Art no longer claims, as it did in the nineteenth and early-twentieth centuries to move the larger culture forward, or even to accomplish the “aesthetic education” of the individual. At the same time, preservation of its special character and status requires it to be something other than entertainment. It has a special social location, but now without the built-in charismatic power of the past. Closky’s response to this situation has been to develop a way of working that recognizes the non-transcendence of art, its existence as an element of the “everyday life” to which it was once set in contrast.
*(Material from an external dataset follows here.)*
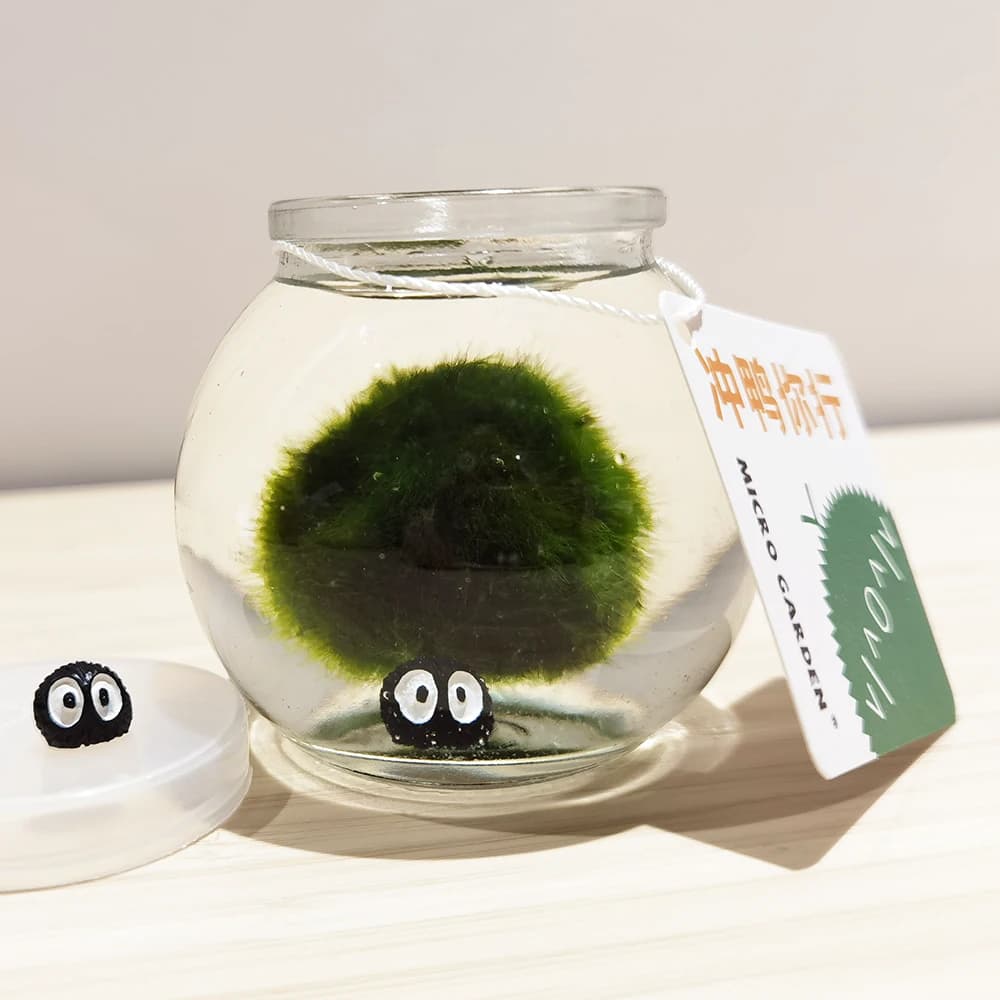 绿藻球生态瓶微观绿植桌面宠物情绪稳定植物情人节礼物趣味水草 - 缩略图3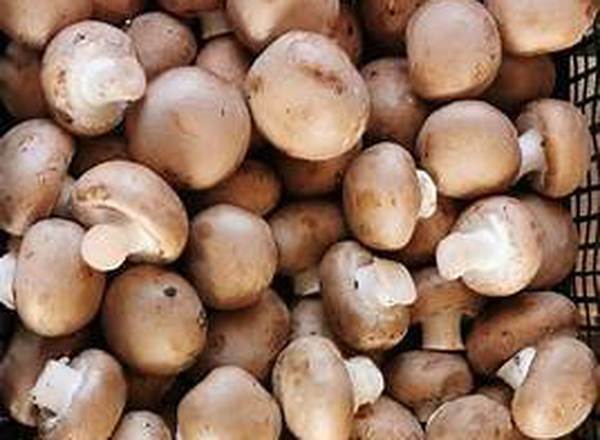 Chestnut Mushrooms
In its utilization of animation fragments, Manège does not, to use the well-known phrase, transcend the commonplace; it allows us to look at it—or not, it’s up to us—and see its content.

The room and the courtyard of the museum like the units of grid paper or the screens of video monitors are, after all, squares, square that the artist is privileged or obligated to fill in. If the modernist museum was traditionally a place of intent study and contemplation—absorption—now it is a temple of distraction. Claude Closky’s art provides neither glossy alibis for, nor cheap jokes about, the current condition of art and culture. Instead, he takes the state of affairs as seriously as the affairs of state that gives occasion to presidential doodles.

[i] Presidential Doodles: Two Centuries of Scribbles, Scratches, and Scrawls From the Oval Office (New York: Basic Books, 2006).